▸ **Aim of the exercise**
Would you retype exactly the lines below, starting with the one that has "4250 Murano Road" and going on through the one that has "Week - Underseater - Reistas - 19 Liter", with no pictures and nothing else?
------ Provided records
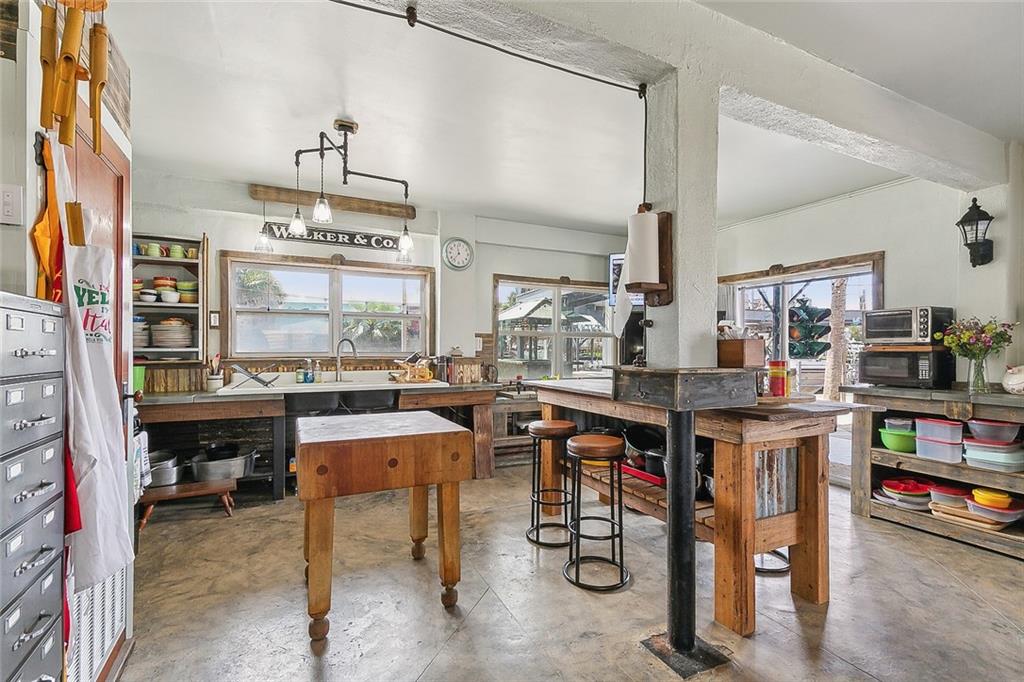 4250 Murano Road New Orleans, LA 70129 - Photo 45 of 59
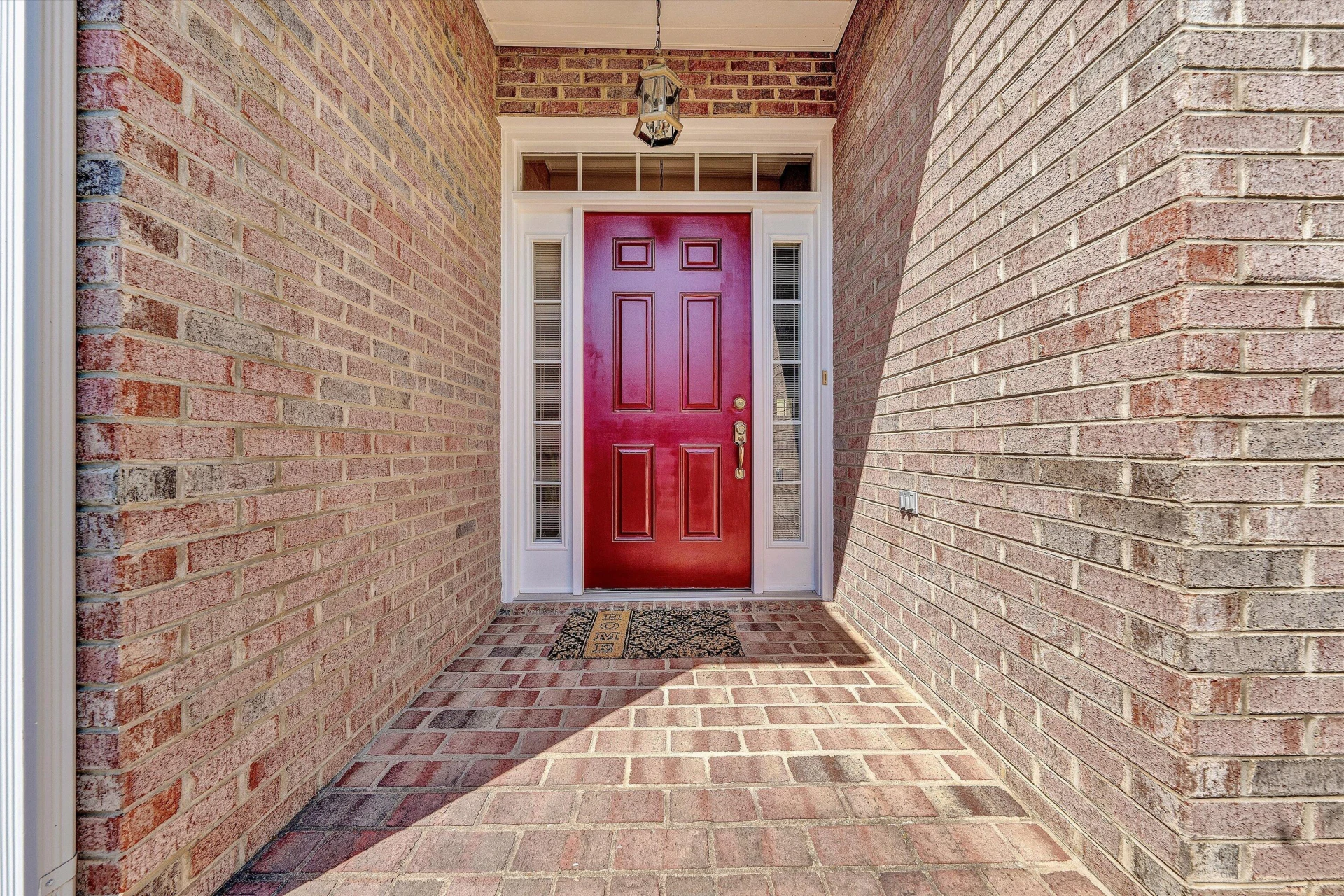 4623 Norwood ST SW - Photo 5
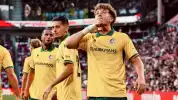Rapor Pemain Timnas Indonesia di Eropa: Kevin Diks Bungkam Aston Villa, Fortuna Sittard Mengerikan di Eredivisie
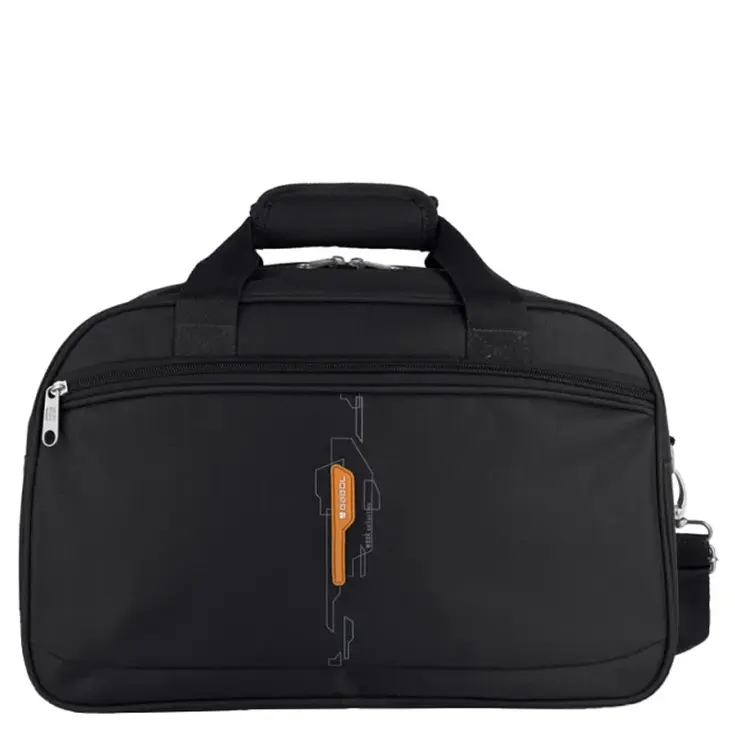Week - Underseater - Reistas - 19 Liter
------------
------ Provided records
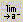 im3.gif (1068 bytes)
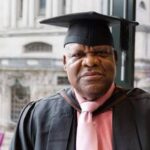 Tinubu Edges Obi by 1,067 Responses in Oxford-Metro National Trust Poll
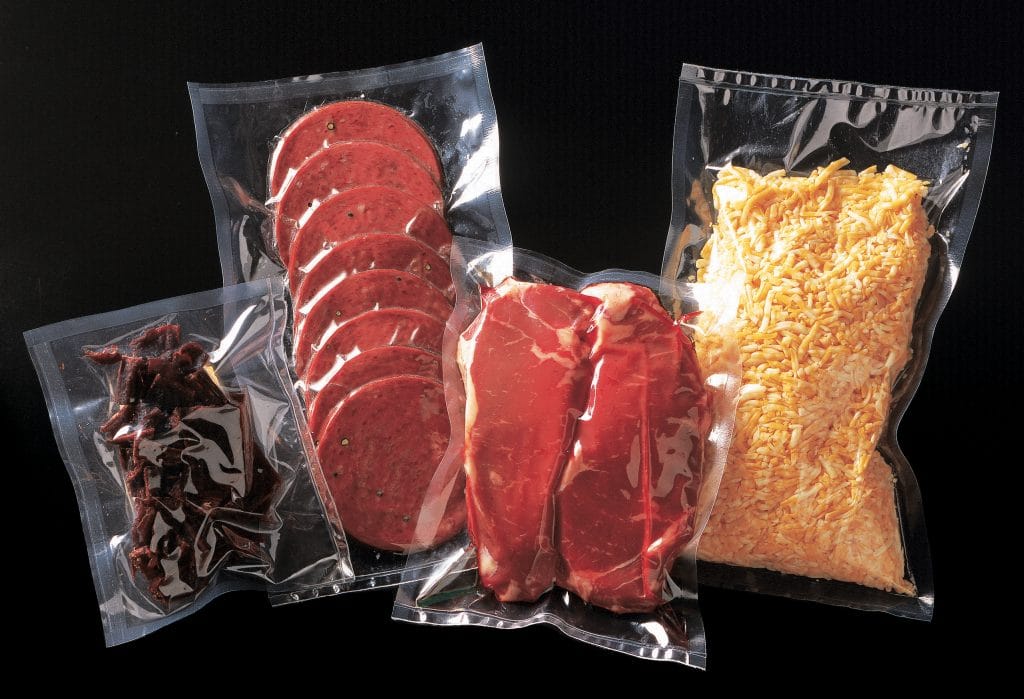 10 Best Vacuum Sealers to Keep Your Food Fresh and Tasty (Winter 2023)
------------
▸ **Output of the task**
 4250 Murano Road New Orleans, LA 70129 - Photo 45 of 59
 4623 Norwood ST SW - Photo 5
Rapor Pemain Timnas Indonesia di Eropa: Kevin Diks Bungkam Aston Villa, Fortuna Sittard Mengerikan di Eredivisie
Week - Underseater - Reistas - 19 Liter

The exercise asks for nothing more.